I do lend unto my dearly beloved wife Phillis Beckham as long as she lives all my negroes, that is to say Peter and Lucy and her child to have, and to claim as her own property until death; also all my stock of cattle, hogs and horse-kind, with all my beds and furniture and every other kind of household goods, chattels, and belonging at present to me.

I do give and bequeath unto my son John Beckham after the death of my wife Phillis the above-mentioned negro Peter to have and to hold forever.  And it is also my will and desire for the love and respect I bear to my other children that my son John Beckham pay unto my other beloved children his brothers and sisters lawfully begotten of my body the sum of five pounds of product money of this province to each of them at or upon his receiving the said negro Peter or at the death of my beloved wife.

I do also desire that at the death of my wife Phillis all the remaining part of my estate to be sold and equally divided between the rest of my sons and daughters – that is to say Thomas Beckham, William Beckham, Simon Beckham, Phillis and Mary.  It is also my desire that my beloved wife be executrix for and unto this my last Will and Testament.”

John (Jack) Beckham from Granville County, North Carolina.  Born in 1741, Jack Beckham married Betty Henderson in Granville county in 1761.  He trained horses for a certain Wade Hampton.

Leaving North Carolina in 1774, he worked as a hunter and trapper.  When the Revolutionary War began, he served as a scout and spy for the Americans.  He suffered at the hands of the British and Tories who even stole the last quilt that he had.

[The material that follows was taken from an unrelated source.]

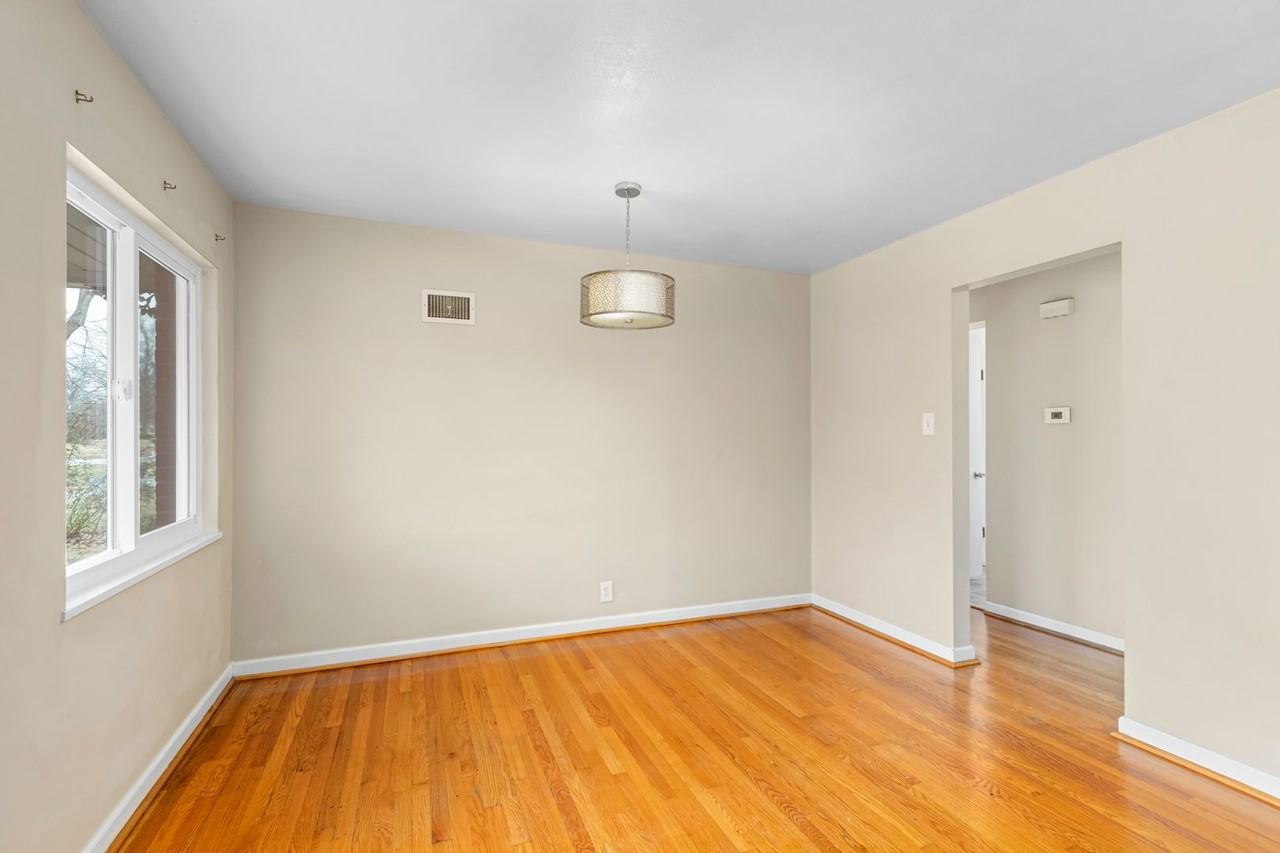 9518 Arban Dr - Photo 4 of 14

After the war, this n’er-do-well trained horses again. He died in 1789 in Santuck, South Carolina before he could apply for a Revolutionary War pension.  He left a widow and several daughters.

Joseph J. Beckham in Florida.  One of the oldest passenger conductors in point of service in the South, Joseph J. Beckham was widely and favorably known among the traveling public.

For thirty-seven years he had traveled on various runs, first for the Seaboard Railway and from 1905 for the Southern Railway system.  During that time he won the friendship and esteem of men in all stations of life.  In a leave of absence in 1921 he was elected municipal judge of Jacksonville, a position to which he was then re-elected.

Beckham Names

  • Roger de Beckham held the Beckham lands in Norfolk in the 1350’s.
  • J.C.W. Beckham served as Governor and then Senator of Kentucky in the early 1900’s.
  • Bob Beckham was a Nashville publisher who mentored generations of country music songwriters as head of Combine Music Publishing from 1964 to 1989.
  • David Beckham was a football star for Manchester United and England in the 1990’s and 2000’s and has become a global media star.
  • Odell Beckham Jr. has been a star wide receiver for a number of NFL teams.

Beckham Numbers Today

  • 800 in the UK (most numerous in London)
  • 5,000 in America (most numerous in Texas)
  • 800 elsewhere (most numerous in Australia)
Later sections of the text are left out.